SH - I had a feeling I hadn't seen the end of that snake. Which brings me to a CC point in a way. I would like to have seen slightly more of the snake's skin pattern in focus (not sure if that's possible from an angle like this). Perhaps at least the whole head in clear focus. I think if I hadn't known what the snake was eating from the other photos, I would have liked to see a little more of its dinner (can't believe I'm saying this lol). My apologies but for a subject I'm not comfortable with, I do think it's a good shot. I wonder what the whole photo would look like, framed. Thanks for sharing this photo and for giving me the chance to move a little out of my comfort zone.


----------



## Dorado-Mahi (May 23, 2004)

I really like that shot but it would even be better if cropped a little tighter and sharpen up a bit more like this.


----------



## Pocketfisherman (May 30, 2005)

Shed Hunter said:


> My daughters 10 year old corn snake. CC please.
> SH


 I like the focus centered on the eye. That shot just says "Snake". It captures what they are, what they do, and why they're snakes. The sharpened repost is the one I prefer.


----------



## hooter (Aug 12, 2005)

*this weeks cinnamon teal shot*

taken in the rain


----------



## Pocketfisherman (May 30, 2005)

hooter said:


> taken in the rain


 Now we know the answer to the eternal question; does water roll off of a duck's back. Look's like the answer is "no". Good focus exposure and composition. But I wish I could see his face.


----------



## Charles Helm (Oct 22, 2004)

*Information Overload*

Just for fun, the EXIF data from my picture:

Full EXIF Info

Date/Time 
21-Jan-2007 09:22:17

Make 
Nikon

Model 
NIKON D70

Flash Used 
No

Focal Length 
105 mm

Exposure Time 
1/100 sec

Aperture 
f/5.6

ISO Equivalent 
200

Exposure Bias
White Balance
Metering Mode 
matrix (5)

JPEG Quality

Exposure Program 
program (2)

Focus Distance

The unretouched JPEG out of the camera (I used the RAW file for my edit):



A couple of other shots from the same morning:





[Click pictures for larger versions.]

I do not know if anyone is even interested in this kind of additional background as a follow-up after the posts.

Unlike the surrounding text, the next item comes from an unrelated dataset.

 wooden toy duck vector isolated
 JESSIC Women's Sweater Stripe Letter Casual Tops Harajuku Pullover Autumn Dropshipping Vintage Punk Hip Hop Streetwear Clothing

If not, I can stop.


----------



## Koru (Sep 25, 2006)

I am.  I have a question if you don't mind. Why is the ISO at 200? Did you set it like that, or was it automatic? What does being at ISO 200 help, I mean, in what way does it help?


----------



## Charles Helm (Oct 22, 2004)

Koru said:


> I am.  I have a question if you don't mind. Why is the ISO at 200? Did you set it like that, or was it automatic? What does being at ISO 200 help, I mean, in what way does it help?


200 is the lowest that this camera will do, otherwise I would be at 100. With good light you get pictures with less noise. A higher ISO would definitely make pictures in dim light, especially with action, easier to capture. You do get more noise.


----------